Welcome to MKTG 3850 - Marketing Analytics - at Otterbein University. In this course, we will learn how to select an analytical tool, apply it to a problem or issue, and communicate our conclusions. The required textbook remains Marketing Research by Don Lehmann, Sunil Gupta, and Joel Steckel. Other textbooks and websites exist.
You should find resources that aid in your understanding and with your learning.
The crypto currency dataset and other datasets used in-class can be accessed by clicking on this link.
The MotoWorld dataset and mini case, and the dataset and case for the final can be accessed by clicking on this link. The folder contains the case, the assignment, and the datasets.
The box office dataset, course topics along with due dates, and the reflection essay assignment can be viewed by clicking on this link.
The required readings can be downloaded by clicking on this link.
If you are looking for datasets to play with, then click on this link. More can be found through this curated list.
The course syllabus is available by clicking this link.
Students are strongly encouraged to consult these resources to help them succeed in the course.
Description & Objective
The primary objective of this course is to introduce you to data analysis techniques. These techniques include cross tabulations, t-test and ANOVA, correlation and regression, cluster analysis, as well as factor analysis. If time permits, we will review conjoint analysis.

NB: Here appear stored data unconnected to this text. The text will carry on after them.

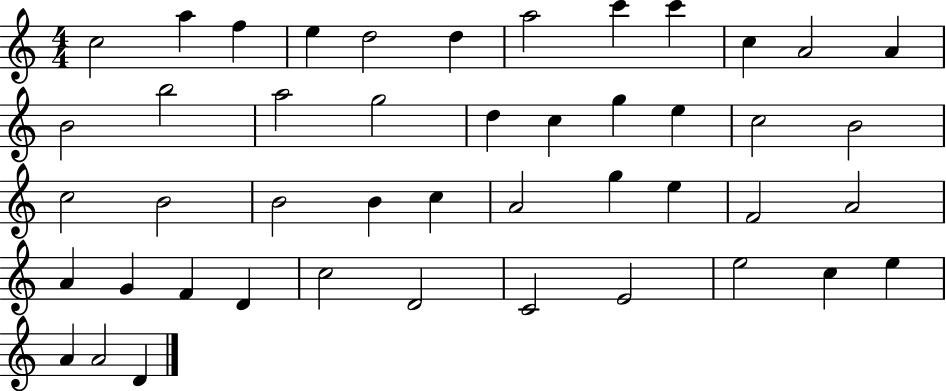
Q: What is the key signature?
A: C major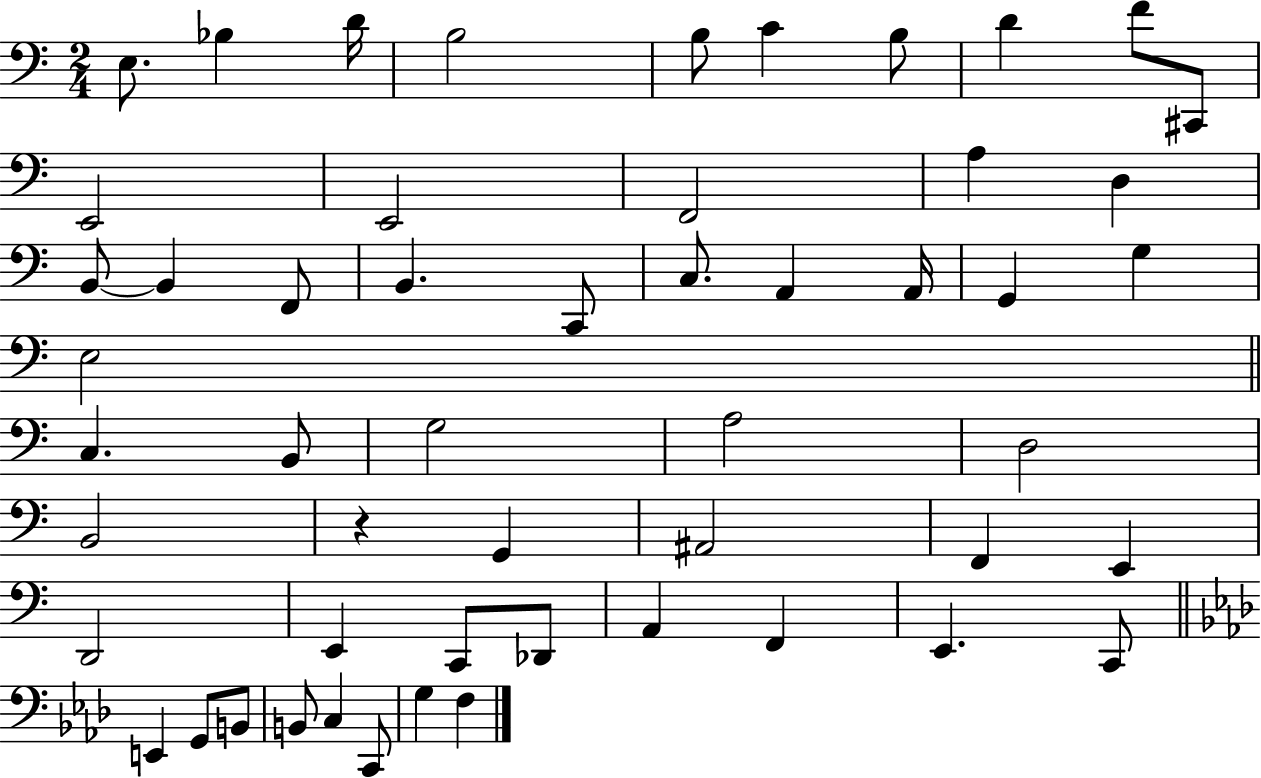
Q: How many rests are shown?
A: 1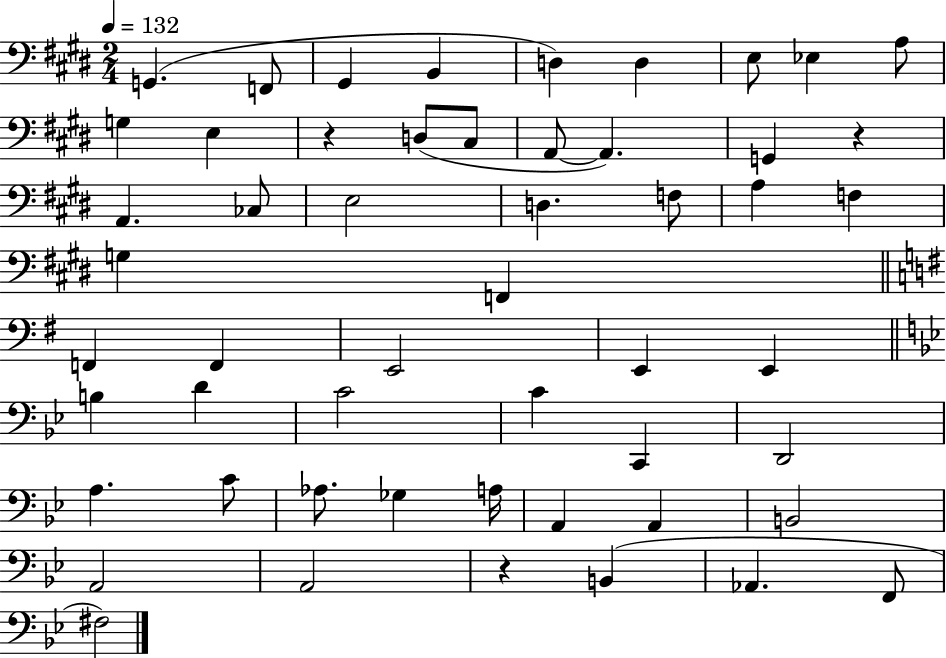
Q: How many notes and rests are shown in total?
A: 53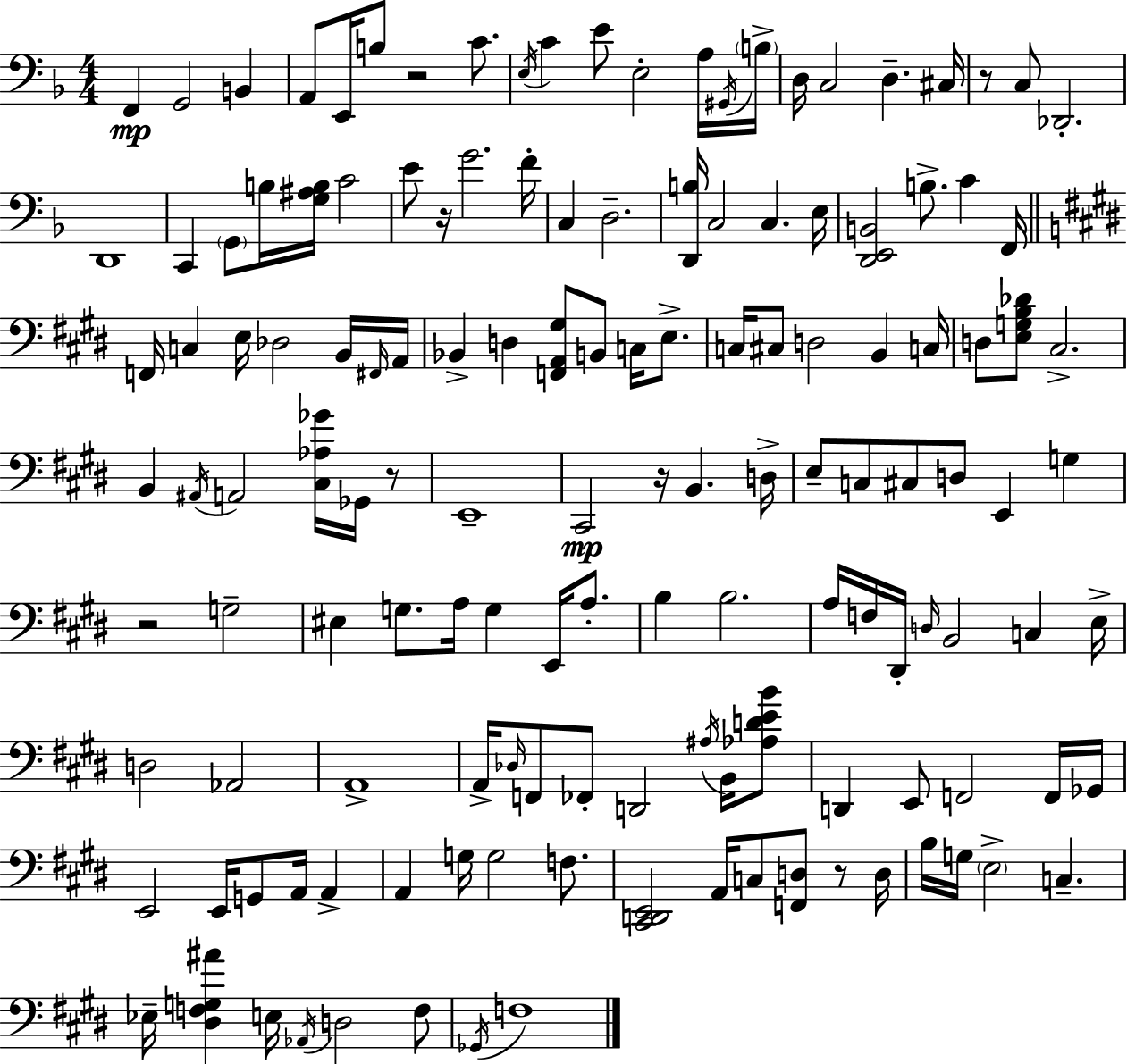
F2/q G2/h B2/q A2/e E2/s B3/e R/h C4/e. E3/s C4/q E4/e E3/h A3/s G#2/s B3/s D3/s C3/h D3/q. C#3/s R/e C3/e Db2/h. D2/w C2/q G2/e B3/s [G3,A#3,B3]/s C4/h E4/e R/s G4/h. F4/s C3/q D3/h. [D2,B3]/s C3/h C3/q. E3/s [D2,E2,B2]/h B3/e. C4/q F2/s F2/s C3/q E3/s Db3/h B2/s F#2/s A2/s Bb2/q D3/q [F2,A2,G#3]/e B2/e C3/s E3/e. C3/s C#3/e D3/h B2/q C3/s D3/e [E3,G3,B3,Db4]/e C#3/h. B2/q A#2/s A2/h [C#3,Ab3,Gb4]/s Gb2/s R/e E2/w C#2/h R/s B2/q. D3/s E3/e C3/e C#3/e D3/e E2/q G3/q R/h G3/h EIS3/q G3/e. A3/s G3/q E2/s A3/e. B3/q B3/h. A3/s F3/s D#2/s D3/s B2/h C3/q E3/s D3/h Ab2/h A2/w A2/s Db3/s F2/e FES2/e D2/h A#3/s B2/s [Ab3,D4,E4,B4]/e D2/q E2/e F2/h F2/s Gb2/s E2/h E2/s G2/e A2/s A2/q A2/q G3/s G3/h F3/e. [C#2,D2,E2]/h A2/s C3/e [F2,D3]/e R/e D3/s B3/s G3/s E3/h C3/q. Eb3/s [D#3,F3,G3,A#4]/q E3/s Ab2/s D3/h F3/e Gb2/s F3/w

Although a variety of analytical techniques are available, the selected techniques represent tools used most frequently by marketing and management professionals. The tools that you learn in the course go beyond simple data descriptors such as mean, median, mode, and variance. Such descriptors serve as a starting point for us to explore the data set. Techniques learned in this course will allow you to make a more informed decision and recommendation. Data analysis represents a critical thinking tool. As consumers of knowledge, you will need to assess whether you have good or not so good knowledge. By understanding data analysis, you can assess whether the analysis is appropriate and, therefore, whether you have good knowledge.